Why Does Jesus Confront Me With Sin and Make Me Feel Guilty?

The persecutor had become the persecuted. 

Saul, a vehement enemy of the “Way” (as early believers in Christ were called), was defending the very cause he once opposed. Saul had changed – his life, his words, even his name! What prompted such a turnaround?

Paul’s conversion story is told more than once in Luke’s detailed, historical account of the early church (the book of Acts). Back then, he was known as Saul. He was a respected, educated, and cultured man, whose zealous desire to defend the Law of God compelled him to persecute anyone who made claims of Jesus having raised from the dead, and being the promised Messiah. 

One day, while traveling, Saul and his companions were struck by a piercing light and a thunderous voice. Blinded by the light, Saul heard the voice ask, “Saul, why are you persecuting Me?”

Saul, not able to see who was speaking, asked, “Who are You?” The voice replied, “I am Jesus, the One you are persecuting.”

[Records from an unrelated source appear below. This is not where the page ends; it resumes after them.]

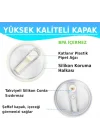 Flip Pipet Kapak ve Pipet Seti, Stanley Termos ile Uyumlu Beyaz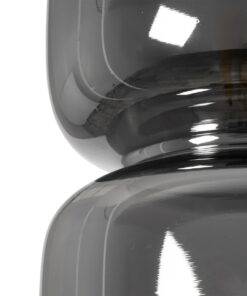 GLOBOSTAR® PIAGE 206-0036 Μοντέρνο Κρεμαστό Φωτιστικό Οροφής με Ντουί 1 x E27 AC 220-240V IP20 – Μαύρο Φιμέ – Μ18 x Π18 x Υ31cm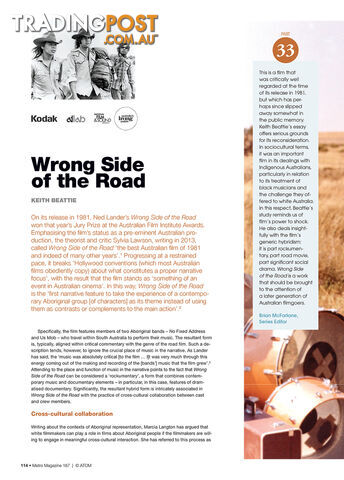 NFSA's Kodak/Atlab Cinema Collection: Wrong Side of the Road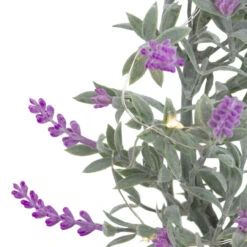 LED Lighted Artificial Pink Lavender Spring Wreath- 16-inch, White Lights -Beauty Wreaths Shop northlight sf91806 p 2 27485.1667553753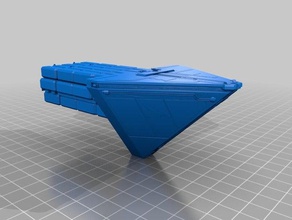 imperial class iv cargo ship star wars models 3d print model - Mito3D
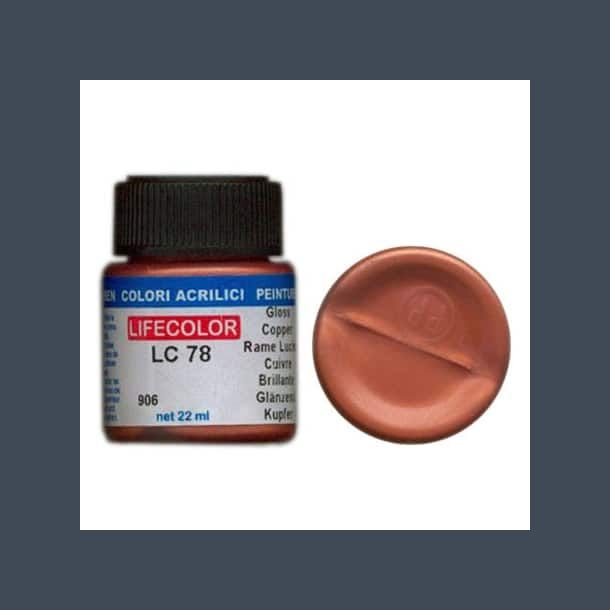LifeColor Gloss Copper (22ml)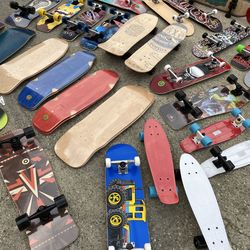 Street skateboard cruiser longboard decks and parts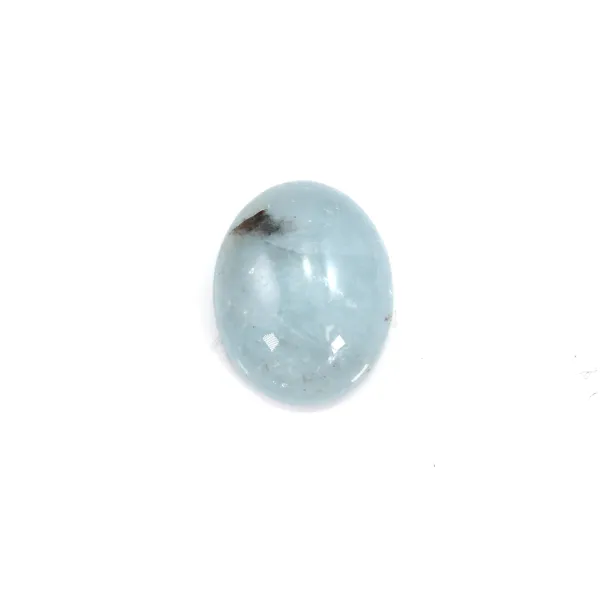 Cabochon aigue marine ovale 8x12mm  x 1pc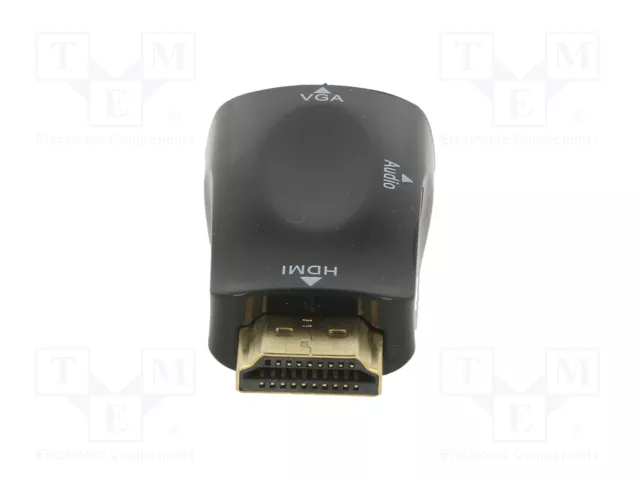 ART Convertidor D-Sub 15pin HD a HDMI Negro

Jesus had blinded Saul in order to open his eyes. Then Jesus called Him to the task of opening the eyes of others to the truth. Jesus said:

“…I am sending you to open their eyes, so that they may turn from darkness to light and from the power of Satan to God, that they may receive forgiveness of sins and a place among those who are sanctified by faith in me.’”  ‭‭Acts‬ ‭26:18‬ ‭ESV‬‬

Before his conversion to Christ, Saul was convinced that his disciplined life of learning and applying the laws of God had made him righteous. What he failed to understand is that the Law does not have the power to save people, but only to make them aware of their sin, and their need for salvation.

Religious pride, however, compares one’s works with someone else’s, convincing them that they are (self-) righteous. That’s what happened with Saul.

Comparing myself with other people will result in either pride (“I’m better than them.”) or inferiority (“They’re better than me.”). But God does not grade you on how well you measure against others, He measures you against the standard of perfection, found only in His Son, Jesus. 

Saul was filled with self-righteousness until He encountered true righteousness. Then he realized that he was nothing but a sinner. In fact, he later refered to himself as “the chief of sinners.”

You might wonder, “Why does Jesus confront me with my sin? Why does He want me to feel guilty?

The answer is pretty simple. Jesus came to save sinners. Once you are convinced that you are one, you are eligible to receive mercy, grace, and absolute forgiveness! 

To be convinced that you’re a sinner is the beginning of your search for a Savior. And you won’t have to look very far – the same Holy Spirit who convinces you of sin introduces you to Jesus, who willingly paid the price for your sin and freely offers you salvation through faith.

With all of it’s good intentions, religion, outside of a relationship with Jesus, is, at best, a pursuit toward self-righteousness. But when Jesus is at the center of it all, even “chiefs of sinners” are transformed.